Kapalkundala
- Author: Bankim Chandra Chattopadhyay
- Original title: কপালকুণ্ডলা
- Language: Bengali
- Genre: Novel
- Publication date: 1866
- Publication place: India
- Media type: Print
- OCLC: 671908675

= Kapalkundala =

1866 novel by Bankim Chandra Chattopadhyay

Kapalkundala (কপালকুণ্ডলা) is a Bengali romance novel by Indian writer Bankim Chandra Chattopadhyay. Published in 1866, it is a story of a forest-dwelling girl named Kapalkundala, who fell in love with and married Nabakumar, a young gentleman from Saptagram, but eventually found that she is unable to adjust herself to city life. Following the success of Chattopadhyay's first novel Durgeshnandini, he decided to write about a girl who is brought up in a remote forest by a Kapalika (Tantrik sage) and never saw anyone but her foster-father. The story is set around the Kapalkundala Temple at Dariapur, Contai in modern-day Purba Medinipur district, West Bengal where Chattopadhyay served as a Deputy Magistrate and Deputy Collector.

Kapalkundala is considered one of the finest and the most popular of Chattopadhyay's novels. It has been translated into English, German, Hindi, Gujarati, Tamil, Telugu and Sanskrit. Girish Chandra Ghosh, one of the pioneers of Bengali drama, and Atul Krishna Mitra dramatized the novel separately.

==Synopsis==
Nabakumar Sharma of Saptagram, while returning from a pilgrimage to Gangasagar, is caught in a storm and left stranded on an island, near a forest. Believed dead by his fellow pilgrims, he is abandoned.

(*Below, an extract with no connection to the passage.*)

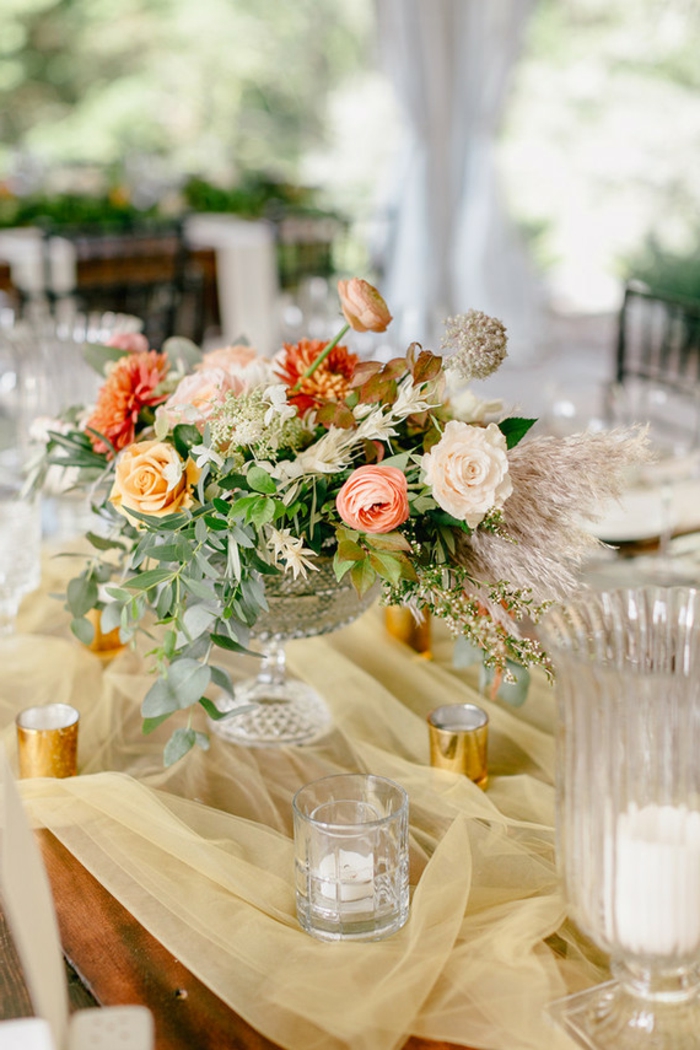 chemin de table tissu fin couleur crème, grand bol avec bouquet de fleurs, verres en verre, porte-bougies dorés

In the forest, he is captured by a Kapalik, a Tantric sage who plans to sacrifice him to the goddess Bhairavi. The Kapalik’s foster-daughter, Kapalkundala, rescues Nabakumar and later agrees to marry him. The couple returns to Saptagram, where she adopts the name Mrinmoyee.

On the way home, they encounter a Muslim woman named Motibibi, who is revealed to be Padmabati, Nabakumar’s first wife. Years earlier, she had been forcibly converted to Islam, leading Nabakumar to leave her, according to the prevailing societal norms.

Motibibi, longing to reclaim her husband’s love, later visits Saptagram in disguise of a man, and requests Kapalkundala to leave him, to which the naive Kapalkundala readily agrees.

Nabakumar, unaware of the deception, suspects Kapalkundala of infidelity. Misled by the Kapalik, who has also come to Saptagram seeking revenge, Nabakumar agrees to a second sacrifice — this time of his wife.

At the cremation ground, the misunderstanding is revealed. Nabakumar begs her to return, but Kapalkundala, disillusioned and unwilling to continue living, refuses. As the Ganga crashes into the ghat and breaks the steps beneath her, she falls into the river. Nabakumar jumps in after her and also drowns.

==Sequel==
In 1874, Damodar Mukhopadhyay, a relative of Chattopadhyay, wrote Mrinmayee, a sequel to Kapalkundala. Mukhopadhyay also wrote Nabab-Nandini, a sequel to Chattopadhyay's first work Durgeshnandini, in 1901.

==In adaptation==
===Films===
- Bengali
- 1929: Kapalkundala, starring Durgadas Bannerjee, Indira Devi, Sita Devi, directed by Priyanath N. Ganguly.
- 1933: Kapalkundala, starring Durgadas Bannerjee, Manoranjan Bhattacharya and Molina Devi, directed by Premankur Atorthy.
- 1952: Kapalkundala, directed by Ardhendu Mukherjee.
- 1981: Kapalkundala, directed by Pinaki Bhushan Mukherji starring Bhanu Banerjee, Ranjit Mallick, Mahua Roy Chowdhury.

- Hindi
- 1939: Kapal Kundala, starring Sailen Choudhury, Leela Desai and Najmul Hussain, directed by Nitin Bose, Phani Majumdar.

===Television===
- Kapal Kundala, a television series based on the aired on DD National.
- 2019-20: Kapalkundala, an Indian Bengali television soap opera that aired on Star Jalsha.

===Others===
- It was adapted as a comic by Debrani Mitra in the 720th issue of the Indian comic book series, Amar Chitra Katha.